Genesis 2:15-17 reads:


The Lord God took the man and placed him in the garden of Eden, to till it and tend it. And the Lord God commanded the man, saying "Of every tree of the garden you are free to eat; but as for the tree of knowledge of good and bad, you must not eat of it; for as soon as you eat of it, you shall die.

And in Grabar:

Եւ առ Տէր Աստուած զմարդն զոր արար, եւ եդ զնա ի դրախտին փափկութեան գործել զնա եւ պահելԵւ պատուիրեաց Տէր Աստուած Ադամայ եւ ասէ. Յամենայն ծառոց որ է ի դրախտիդ` ուտելով կերիցեսԲայց ի ծառոյն գիտութեան բարւոյ եւ չարի` մի՛ ուտիցէք, զի յորում աւուր ուտիցէք ի նմանէ` մահու մեռանիցիք: 

These lines are footnoted in the Jewish Study Bible as follows:

Knowledge of good and bad may be a merismus, a figure of speech in which polar opposites denote a totality (like heaven and earth).
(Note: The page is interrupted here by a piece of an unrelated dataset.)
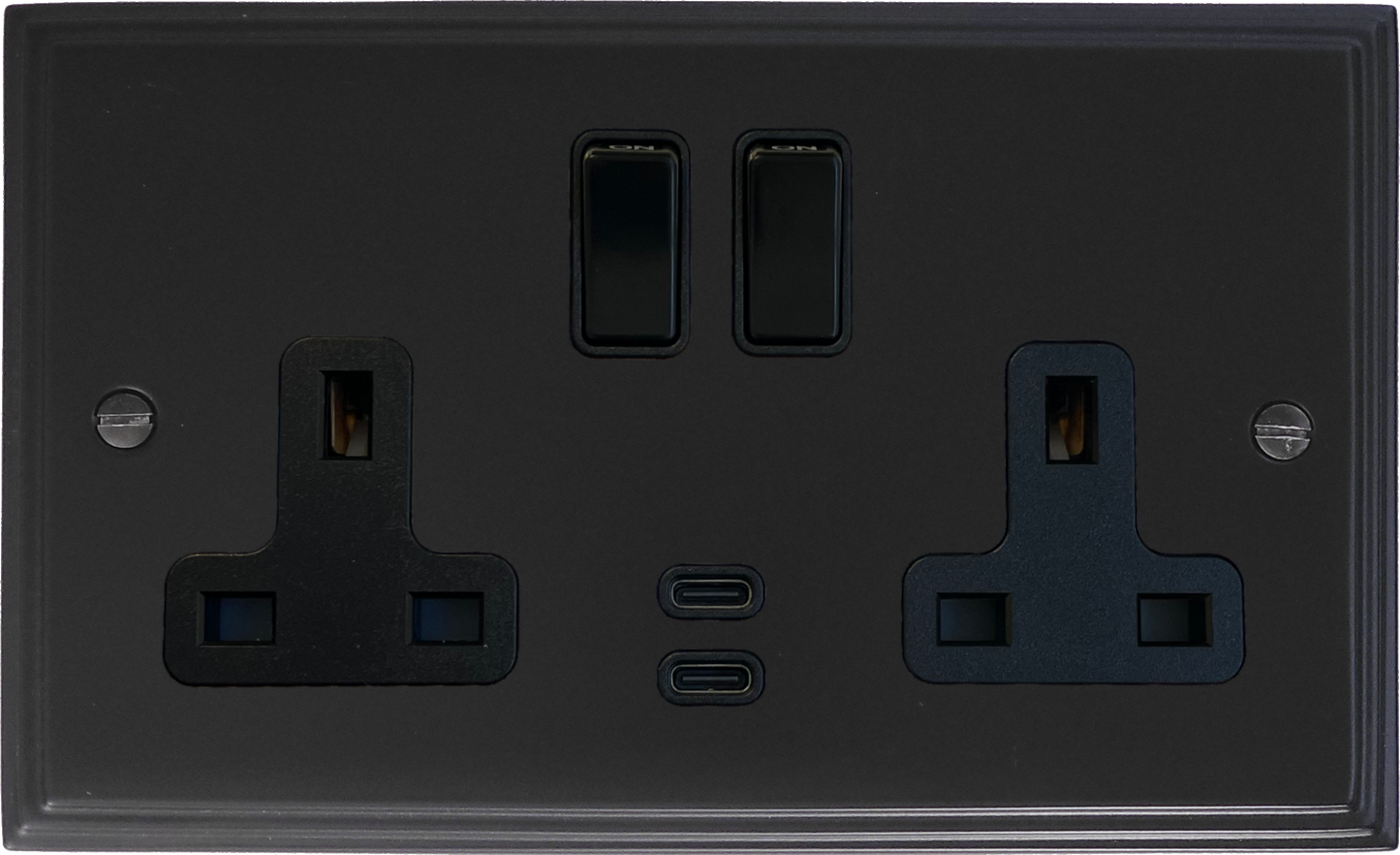 Victorian  Flat Black  2 Gang Socket with USBC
But knowledge can have an experiential, not only an intellectual, sense in biblical Hebrew, and good and bad can mean either "weal and woe" or "moral good and moral evil." The forbidden tree offers an experience that is both pleasant and painful; it awakens those who partake of it to the higher knowledge and to the pain that both come with moral choice. 

If this interpretation is to be trusted, then according to the author of Genesis, the story of human society began when man was awakened to the consequences of moral choice.